Platform Nine and Three quarters (Photo credit: kani-jessy)
This is a Harry Potter blog. Hopefully by now you’ve figured out that I’m a fan of the books, but you may not understand how big of a fan I am. It seems unsurprising to some who know me and very surprising to others.
I grew up with this series. I’ve gone to every release – book and movie – since they started hosting them. I have costumes and games and t-shirts and, good Lord, pretty much everything I’ve been able to get my hands on. I have a wand (I wish it worked). I have a spare wand. This has been a huge part of my life since I was nine years old.
Needless to say, I like the series. So, it’s a little surprising how hesitant I am to start this project.
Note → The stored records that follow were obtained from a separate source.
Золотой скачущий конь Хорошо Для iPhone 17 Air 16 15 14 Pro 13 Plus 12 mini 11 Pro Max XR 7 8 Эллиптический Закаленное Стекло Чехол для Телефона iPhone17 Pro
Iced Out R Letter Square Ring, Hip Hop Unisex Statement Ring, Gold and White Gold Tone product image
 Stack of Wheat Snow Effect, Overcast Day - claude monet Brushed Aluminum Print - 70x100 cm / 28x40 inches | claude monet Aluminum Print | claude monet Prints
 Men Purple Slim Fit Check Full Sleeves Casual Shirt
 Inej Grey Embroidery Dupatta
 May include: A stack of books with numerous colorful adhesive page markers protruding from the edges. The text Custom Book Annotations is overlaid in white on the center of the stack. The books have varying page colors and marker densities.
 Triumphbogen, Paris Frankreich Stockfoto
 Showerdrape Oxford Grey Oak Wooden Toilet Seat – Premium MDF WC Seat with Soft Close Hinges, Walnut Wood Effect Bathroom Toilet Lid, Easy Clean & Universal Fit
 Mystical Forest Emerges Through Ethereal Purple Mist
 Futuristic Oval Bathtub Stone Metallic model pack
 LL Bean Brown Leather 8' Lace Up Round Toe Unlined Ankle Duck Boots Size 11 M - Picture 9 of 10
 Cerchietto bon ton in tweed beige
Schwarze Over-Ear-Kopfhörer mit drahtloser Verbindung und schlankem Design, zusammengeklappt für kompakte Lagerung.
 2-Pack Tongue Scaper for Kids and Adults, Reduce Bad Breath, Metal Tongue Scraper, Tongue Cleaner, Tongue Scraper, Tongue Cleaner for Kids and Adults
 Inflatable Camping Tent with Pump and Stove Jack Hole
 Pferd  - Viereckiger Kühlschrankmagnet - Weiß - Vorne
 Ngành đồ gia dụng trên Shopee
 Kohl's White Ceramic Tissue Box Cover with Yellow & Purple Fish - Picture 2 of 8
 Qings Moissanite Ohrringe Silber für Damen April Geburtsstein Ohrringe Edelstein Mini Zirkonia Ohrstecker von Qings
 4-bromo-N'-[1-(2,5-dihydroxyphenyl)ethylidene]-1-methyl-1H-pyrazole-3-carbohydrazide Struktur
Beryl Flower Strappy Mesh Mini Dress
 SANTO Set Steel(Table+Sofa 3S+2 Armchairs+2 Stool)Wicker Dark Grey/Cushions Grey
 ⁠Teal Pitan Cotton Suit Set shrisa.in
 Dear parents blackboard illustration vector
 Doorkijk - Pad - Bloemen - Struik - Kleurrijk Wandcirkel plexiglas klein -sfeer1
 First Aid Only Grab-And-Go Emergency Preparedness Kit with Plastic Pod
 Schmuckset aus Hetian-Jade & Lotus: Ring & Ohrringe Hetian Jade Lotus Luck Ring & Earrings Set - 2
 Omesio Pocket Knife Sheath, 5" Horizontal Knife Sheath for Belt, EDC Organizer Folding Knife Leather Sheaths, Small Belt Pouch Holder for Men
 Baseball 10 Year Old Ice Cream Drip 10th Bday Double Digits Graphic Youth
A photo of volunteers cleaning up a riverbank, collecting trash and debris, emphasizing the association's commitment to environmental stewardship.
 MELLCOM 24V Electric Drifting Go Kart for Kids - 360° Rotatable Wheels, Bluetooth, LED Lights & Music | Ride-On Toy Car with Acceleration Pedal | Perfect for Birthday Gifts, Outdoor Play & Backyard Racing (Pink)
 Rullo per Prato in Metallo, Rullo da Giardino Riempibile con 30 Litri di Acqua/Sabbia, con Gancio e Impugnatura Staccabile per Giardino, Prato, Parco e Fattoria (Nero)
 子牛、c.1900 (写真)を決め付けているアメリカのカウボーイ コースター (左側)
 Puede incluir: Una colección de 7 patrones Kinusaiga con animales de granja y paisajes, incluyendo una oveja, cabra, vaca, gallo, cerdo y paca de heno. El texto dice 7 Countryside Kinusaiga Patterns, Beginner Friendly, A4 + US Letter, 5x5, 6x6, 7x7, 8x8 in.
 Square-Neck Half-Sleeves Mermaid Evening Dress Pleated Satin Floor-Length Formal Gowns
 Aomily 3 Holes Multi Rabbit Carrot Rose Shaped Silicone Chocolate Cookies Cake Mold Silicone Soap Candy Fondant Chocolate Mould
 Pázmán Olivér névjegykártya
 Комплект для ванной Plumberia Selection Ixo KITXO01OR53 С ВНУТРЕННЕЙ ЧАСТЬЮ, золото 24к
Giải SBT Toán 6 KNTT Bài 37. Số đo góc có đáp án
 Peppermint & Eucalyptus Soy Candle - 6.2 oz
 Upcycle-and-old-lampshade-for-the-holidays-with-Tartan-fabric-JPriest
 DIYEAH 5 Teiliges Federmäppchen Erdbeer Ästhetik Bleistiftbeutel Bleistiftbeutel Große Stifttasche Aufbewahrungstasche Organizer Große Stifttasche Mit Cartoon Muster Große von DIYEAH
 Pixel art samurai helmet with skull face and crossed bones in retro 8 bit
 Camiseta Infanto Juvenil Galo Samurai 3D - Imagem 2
It’s been a while since I last read all the books cover-to-cover, first book to last. The last time I picked up Sorcerer’s Stone was before the last book came out, which when I did my last re-read. There wasn’t enough time to read all the books before the final movie since I was working insane hours before the seventh movie and I was in the U.K. for the eighth. That means it’s been five years.
Five years. I haven’t read the books that I claim to be obsessed with in half a decade. That’s absolutely insane.
I feel like someone ready to go back to summer camp. What if it’s not as good as I remember? What if I don’t like anyone anymore or they don’t like me? Most importantly, what if everything that’s happened to me since the last time I was there makes it… less so? Less magical. Less special. Less… mine.
I’ve watched the movies much more often than I’ve read the books. After all, they air on ABC family at every imaginable opportunity (Christmas? HP marathon! Halloween? Marathon! Fourth of July? Why the hell not; the war was against the British). I remember the plot and I remember the characters, but I’m afraid I might not like the books as much as I did the first time I picked them up, or the last time, for that matter.
Graduation had just passed by when I’d read the last new Harry Potter book. I’ve gone through some schooling and more working, making and losing friends, happy times and hard times. I’ve lived and I’ve changed, but I hope I haven’t changed too much.
I suppose we’ll see as I continue reading. I often over think things and freak myself out, so it’s probably that. I really hope it’s that.
Are you ever nervous about going back to something you grew up loving? Or something you haven’t seen in a while?